[BRIEF] Transcribe all records, preserving every character.

── SOURCE INFORMATION

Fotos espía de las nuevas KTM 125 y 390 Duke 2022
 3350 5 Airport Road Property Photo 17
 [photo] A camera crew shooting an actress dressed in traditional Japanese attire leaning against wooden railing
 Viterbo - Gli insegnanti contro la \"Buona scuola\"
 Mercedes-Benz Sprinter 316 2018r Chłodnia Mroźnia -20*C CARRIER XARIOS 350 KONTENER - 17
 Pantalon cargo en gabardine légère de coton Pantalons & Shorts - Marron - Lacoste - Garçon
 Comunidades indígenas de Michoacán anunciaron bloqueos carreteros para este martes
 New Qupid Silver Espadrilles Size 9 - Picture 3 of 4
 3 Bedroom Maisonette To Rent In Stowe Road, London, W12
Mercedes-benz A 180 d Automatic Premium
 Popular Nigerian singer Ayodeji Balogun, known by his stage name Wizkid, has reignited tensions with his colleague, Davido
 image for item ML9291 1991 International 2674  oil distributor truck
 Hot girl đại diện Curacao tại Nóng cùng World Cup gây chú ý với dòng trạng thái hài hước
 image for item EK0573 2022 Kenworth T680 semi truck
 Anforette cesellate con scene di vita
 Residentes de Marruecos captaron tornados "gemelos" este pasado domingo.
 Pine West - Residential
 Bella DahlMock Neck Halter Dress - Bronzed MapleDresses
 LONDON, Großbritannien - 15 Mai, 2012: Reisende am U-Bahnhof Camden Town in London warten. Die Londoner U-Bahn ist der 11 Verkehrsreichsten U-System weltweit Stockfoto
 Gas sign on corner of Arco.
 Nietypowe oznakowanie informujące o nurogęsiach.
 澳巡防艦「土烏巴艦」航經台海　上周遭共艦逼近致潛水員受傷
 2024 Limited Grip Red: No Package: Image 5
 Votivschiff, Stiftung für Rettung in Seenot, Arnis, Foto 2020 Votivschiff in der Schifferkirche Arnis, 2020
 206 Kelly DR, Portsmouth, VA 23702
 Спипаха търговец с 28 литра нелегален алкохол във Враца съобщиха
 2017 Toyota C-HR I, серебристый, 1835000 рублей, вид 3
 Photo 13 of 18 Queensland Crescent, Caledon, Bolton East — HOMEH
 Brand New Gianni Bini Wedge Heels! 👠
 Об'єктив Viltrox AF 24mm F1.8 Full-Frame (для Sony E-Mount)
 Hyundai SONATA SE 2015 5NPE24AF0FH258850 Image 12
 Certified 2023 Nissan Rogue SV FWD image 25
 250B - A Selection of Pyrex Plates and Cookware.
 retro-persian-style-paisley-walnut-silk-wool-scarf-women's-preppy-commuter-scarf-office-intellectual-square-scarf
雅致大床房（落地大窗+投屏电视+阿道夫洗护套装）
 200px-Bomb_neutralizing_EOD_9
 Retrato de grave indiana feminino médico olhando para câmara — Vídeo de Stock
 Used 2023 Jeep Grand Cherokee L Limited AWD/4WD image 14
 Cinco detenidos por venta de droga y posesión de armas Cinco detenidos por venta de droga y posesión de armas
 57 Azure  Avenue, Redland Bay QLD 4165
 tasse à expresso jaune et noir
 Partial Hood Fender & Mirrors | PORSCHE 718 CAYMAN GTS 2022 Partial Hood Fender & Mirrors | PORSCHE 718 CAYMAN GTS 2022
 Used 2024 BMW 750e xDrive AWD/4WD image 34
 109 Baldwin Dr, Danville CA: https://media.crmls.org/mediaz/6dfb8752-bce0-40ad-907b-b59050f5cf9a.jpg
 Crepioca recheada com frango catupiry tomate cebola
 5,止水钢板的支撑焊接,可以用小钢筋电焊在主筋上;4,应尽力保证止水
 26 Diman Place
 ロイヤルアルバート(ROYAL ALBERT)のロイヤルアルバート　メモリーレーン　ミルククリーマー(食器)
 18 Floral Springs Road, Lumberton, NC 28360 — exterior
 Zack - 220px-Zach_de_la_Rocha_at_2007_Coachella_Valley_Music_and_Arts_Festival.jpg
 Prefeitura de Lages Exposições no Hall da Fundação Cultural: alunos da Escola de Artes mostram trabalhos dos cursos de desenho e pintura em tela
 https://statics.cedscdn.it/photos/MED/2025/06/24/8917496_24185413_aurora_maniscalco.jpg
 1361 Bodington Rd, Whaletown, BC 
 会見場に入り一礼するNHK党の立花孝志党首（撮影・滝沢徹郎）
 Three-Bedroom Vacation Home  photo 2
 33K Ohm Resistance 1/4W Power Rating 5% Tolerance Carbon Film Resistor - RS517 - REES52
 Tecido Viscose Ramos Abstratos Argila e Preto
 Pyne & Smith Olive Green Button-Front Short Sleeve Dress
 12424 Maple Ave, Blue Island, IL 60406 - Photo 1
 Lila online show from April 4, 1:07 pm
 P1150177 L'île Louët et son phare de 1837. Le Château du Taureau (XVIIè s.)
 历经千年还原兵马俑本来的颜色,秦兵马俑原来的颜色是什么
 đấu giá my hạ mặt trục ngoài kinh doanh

────

[WRITTEN ANSWER]
Fotos espía de las nuevas KTM 125 y 390 Duke 2022
 3350 5 Airport Road Property Photo 17
 [photo] A camera crew shooting an actress dressed in traditional Japanese attire leaning against wooden railing
 Viterbo - Gli insegnanti contro la \"Buona scuola\"
 Mercedes-Benz Sprinter 316 2018r Chłodnia Mroźnia -20*C CARRIER XARIOS 350 KONTENER - 17
 Pantalon cargo en gabardine légère de coton Pantalons & Shorts - Marron - Lacoste - Garçon
 Comunidades indígenas de Michoacán anunciaron bloqueos carreteros para este martes
 New Qupid Silver Espadrilles Size 9 - Picture 3 of 4
 3 Bedroom Maisonette To Rent In Stowe Road, London, W12
Mercedes-benz A 180 d Automatic Premium
 Popular Nigerian singer Ayodeji Balogun, known by his stage name Wizkid, has reignited tensions with his colleague, Davido
 image for item ML9291 1991 International 2674  oil distributor truck
 Hot girl đại diện Curacao tại Nóng cùng World Cup gây chú ý với dòng trạng thái hài hước
 image for item EK0573 2022 Kenworth T680 semi truck
 Anforette cesellate con scene di vita
 Residentes de Marruecos captaron tornados "gemelos" este pasado domingo.
 Pine West - Residential
 Bella DahlMock Neck Halter Dress - Bronzed MapleDresses
 LONDON, Großbritannien - 15 Mai, 2012: Reisende am U-Bahnhof Camden Town in London warten. Die Londoner U-Bahn ist der 11 Verkehrsreichsten U-System weltweit Stockfoto
 Gas sign on corner of Arco.
 Nietypowe oznakowanie informujące o nurogęsiach.
 澳巡防艦「土烏巴艦」航經台海　上周遭共艦逼近致潛水員受傷
 2024 Limited Grip Red: No Package: Image 5
 Votivschiff, Stiftung für Rettung in Seenot, Arnis, Foto 2020 Votivschiff in der Schifferkirche Arnis, 2020
 206 Kelly DR, Portsmouth, VA 23702
 Спипаха търговец с 28 литра нелегален алкохол във Враца съобщиха
 2017 Toyota C-HR I, серебристый, 1835000 рублей, вид 3
 Photo 13 of 18 Queensland Crescent, Caledon, Bolton East — HOMEH
 Brand New Gianni Bini Wedge Heels! 👠
 Об'єктив Viltrox AF 24mm F1.8 Full-Frame (для Sony E-Mount)
 Hyundai SONATA SE 2015 5NPE24AF0FH258850 Image 12
 Certified 2023 Nissan Rogue SV FWD image 25
 250B - A Selection of Pyrex Plates and Cookware.
 retro-persian-style-paisley-walnut-silk-wool-scarf-women's-preppy-commuter-scarf-office-intellectual-square-scarf
雅致大床房（落地大窗+投屏电视+阿道夫洗护套装）
 200px-Bomb_neutralizing_EOD_9
 Retrato de grave indiana feminino médico olhando para câmara — Vídeo de Stock
 Used 2023 Jeep Grand Cherokee L Limited AWD/4WD image 14
 Cinco detenidos por venta de droga y posesión de armas Cinco detenidos por venta de droga y posesión de armas
 57 Azure  Avenue, Redland Bay QLD 4165
 tasse à expresso jaune et noir
 Partial Hood Fender & Mirrors | PORSCHE 718 CAYMAN GTS 2022 Partial Hood Fender & Mirrors | PORSCHE 718 CAYMAN GTS 2022
 Used 2024 BMW 750e xDrive AWD/4WD image 34
 109 Baldwin Dr, Danville CA: https://media.crmls.org/mediaz/6dfb8752-bce0-40ad-907b-b59050f5cf9a.jpg
 Crepioca recheada com frango catupiry tomate cebola
 5,止水钢板的支撑焊接,可以用小钢筋电焊在主筋上;4,应尽力保证止水
 26 Diman Place
 ロイヤルアルバート(ROYAL ALBERT)のロイヤルアルバート　メモリーレーン　ミルククリーマー(食器)
 18 Floral Springs Road, Lumberton, NC 28360 — exterior
 Zack - 220px-Zach_de_la_Rocha_at_2007_Coachella_Valley_Music_and_Arts_Festival.jpg
 Prefeitura de Lages Exposições no Hall da Fundação Cultural: alunos da Escola de Artes mostram trabalhos dos cursos de desenho e pintura em tela
 https://statics.cedscdn.it/photos/MED/2025/06/24/8917496_24185413_aurora_maniscalco.jpg
 1361 Bodington Rd, Whaletown, BC 
 会見場に入り一礼するNHK党の立花孝志党首（撮影・滝沢徹郎）
 Three-Bedroom Vacation Home  photo 2
 33K Ohm Resistance 1/4W Power Rating 5% Tolerance Carbon Film Resistor - RS517 - REES52
 Tecido Viscose Ramos Abstratos Argila e Preto
 Pyne & Smith Olive Green Button-Front Short Sleeve Dress
 12424 Maple Ave, Blue Island, IL 60406 - Photo 1
 Lila online show from April 4, 1:07 pm
 P1150177 L'île Louët et son phare de 1837. Le Château du Taureau (XVIIè s.)
 历经千年还原兵马俑本来的颜色,秦兵马俑原来的颜色是什么
 đấu giá my hạ mặt trục ngoài kinh doanh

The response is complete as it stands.